Imagine that an open source developer writes the code for the software and publishes it on Github or another a website. You, the end user, can download the software right from that location, compile it, and run it. You believe that what you’re running is what the developer wrote because you cloned the repo via a secured channel or you verified the source package that you downloaded via the project website by comparing the hash of the file that you downloaded against the value that the developer published on their website and signed with a PGP key (despite what security folk want to believe, it is often hyperbolically claimed that nobody actually does this).
When you get the application from a distribution rather than from the developer, you are trusting that the distribution performed the same validation that you would have done (or better). Now you, as the end-user, get the installable package from the distribution. You install it on your system and you run the executable contained within the package. You don’t have to compile it because that is one of the value-added functions of the distributor. The package management system handles the verification of the package before it is installed.
Now, as the end-user, how do you know that the executable that you were running is what the open source developer originally wrote? Many distributions alter the code before they ship it to apply bug patches and security fixes. How does the distributor know the the code in the package is compiled of the code from the developer plus their fixes? In most cases, distributions have automated build systems that take the code and emit packages. But what if one of the systems in the build system is corrupted? How do the developer, the distributor, and you figure this out?
The Reproducible Builds Project intends to solve that problem. The goal of the Reproducible Builds Project is to ensure that if a package is built on one system and then again on a different but similar system, the outputs are directly comparable. This can be verified using the diffoscope tool produced by the project or, in many cases, by comparing cryptographic hashes of the two packages to ensure that they are identical.
It is harder to achieve reproducibility than it is to verify reproducibility because many packages are not reproducibly buildable for a variety of reasons. These reasons the include the inclusion of timestamps somewhere in the pacakge, alternate build directories, differences in the versions of the build tools, variable directory inclusion, and other small details of the build system that get included into the final package.
The Reproducible Builds project is writing tools to facilitate comparison of two separately generated packages, fixing toolchain issues, and working with the upstream developers to fix any problems which cause the source not to be reproducibly buildable. Subtle corruptions of individual machines in a build system become detectable when previously reproducibly buildable packages suddenly start failing verification.
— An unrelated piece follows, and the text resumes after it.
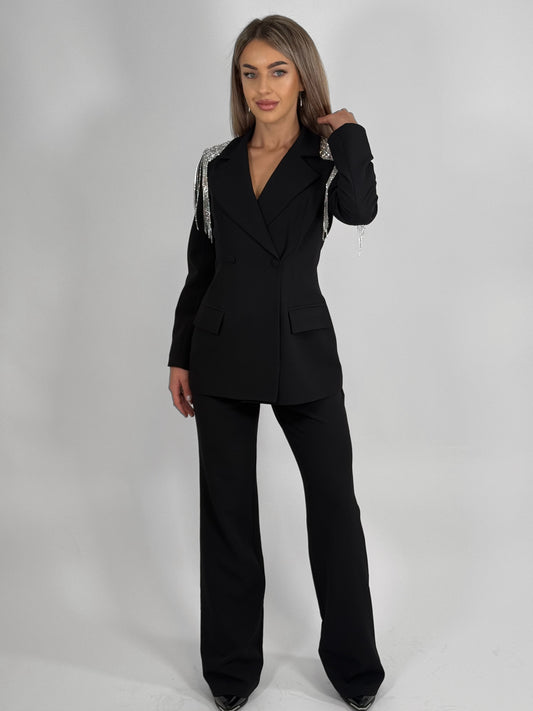 Costum elegant negru cu sacou decorat cu franjuri strălucitori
In summary, the Reproducible Builds project is working to ensure the package will be identical to packages built on another similar system using the same source code so that the integrity of the package can be validated. Packages that can be reproducibly built include deb and RPM packages, which carry within them the cryptographic hashes of the files that are included in the packages. This includes the executable as well.
The Integrity Measurement Architecture (IMA-appraisal) component of the Linux kernel has the capability of validating a file’s integrity based on the file’s signature stored as an extended attribute, before allowing the file to be accessed (for example, before a file can be executed or a library loaded). For the signature validation to succeed, the file signature’s public key must be on the IMA keyring. Only trusted keys, those keys signed by a key on the system keyring, may be added to the IMA keyring.
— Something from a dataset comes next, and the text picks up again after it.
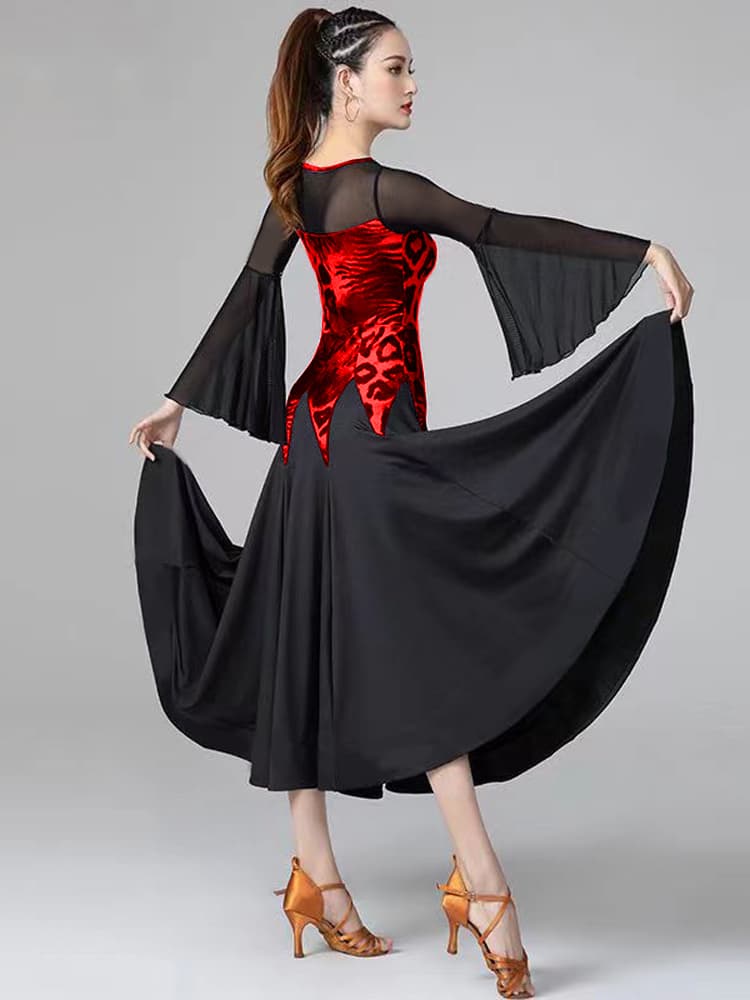 社交 ダンス ドレス 華麗なフレアスリーブラテンドレス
Soon it will be possible to enroll the signed hashes from the package management system as IMA attributes during the installation process. Then, if you configure your system to be IMA enforcing, you will know that every running application came from your trusted distribution.
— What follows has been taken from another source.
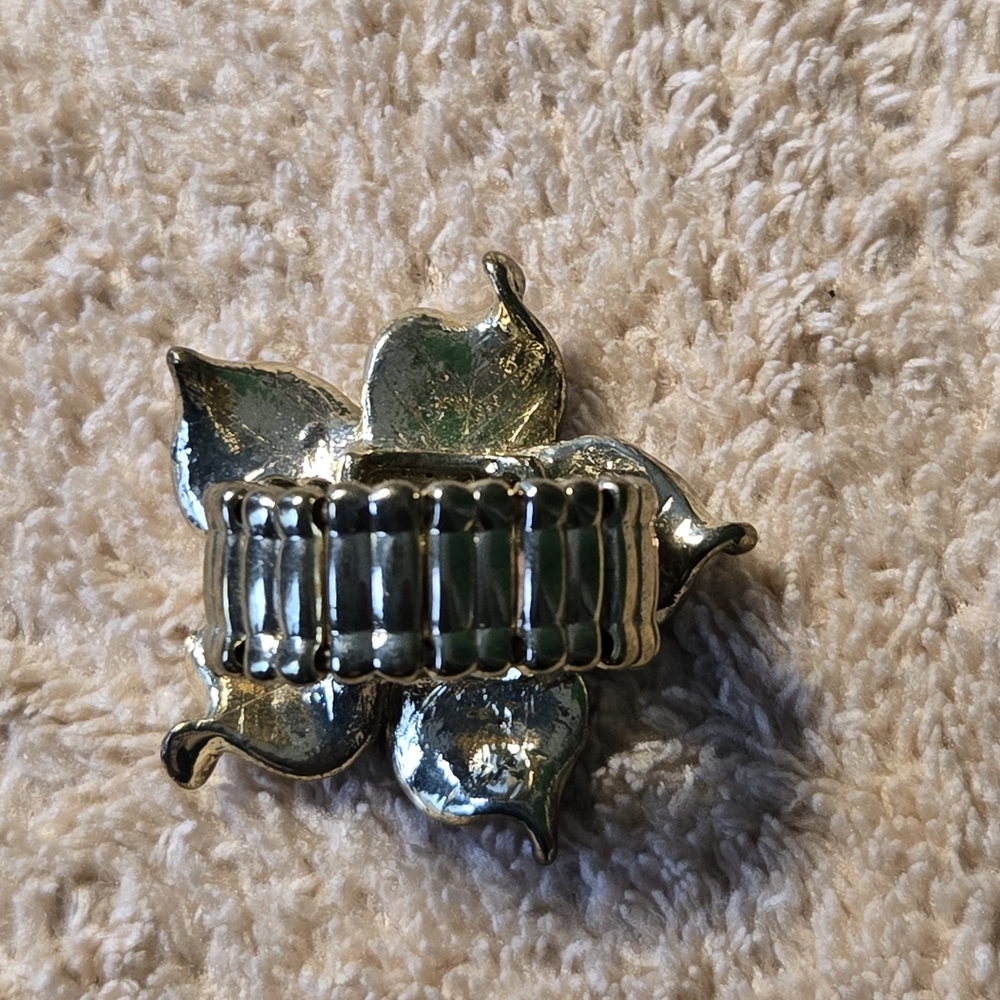 Blue and Silver Floral Pendant - Picture 3 of 3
If your trusted distribution uses reproducible builds, then you will be able directly trace the chain of integrity of the executing process back to the original code and know that the code has not been subverted during delivery. Of course, you still have to protect your system keyring, IMA keyring and policy, trust the compiler, and trust (or validate) that the developer is producing code without backdoors, but what you have is verifiable evidence of correspondence between the executing process and the source code, which is a new level of integrity.
This model of integrity is not completely realized today. Some steps are not yet complete – IMA is still considered experimental, patches to Debian packaging system to include signed file hashes have been submitted, but not yet accepted, the Reproducible Builds Project has made amazing strides but work has not yet been completed.
This vision for a full chain of integrity from developer to executing process is taking shape and is tantalizing close to realization. I look forward to the day when we can run our applications with the full knowledge that they come to us intact and as intended by the developer or the distribution.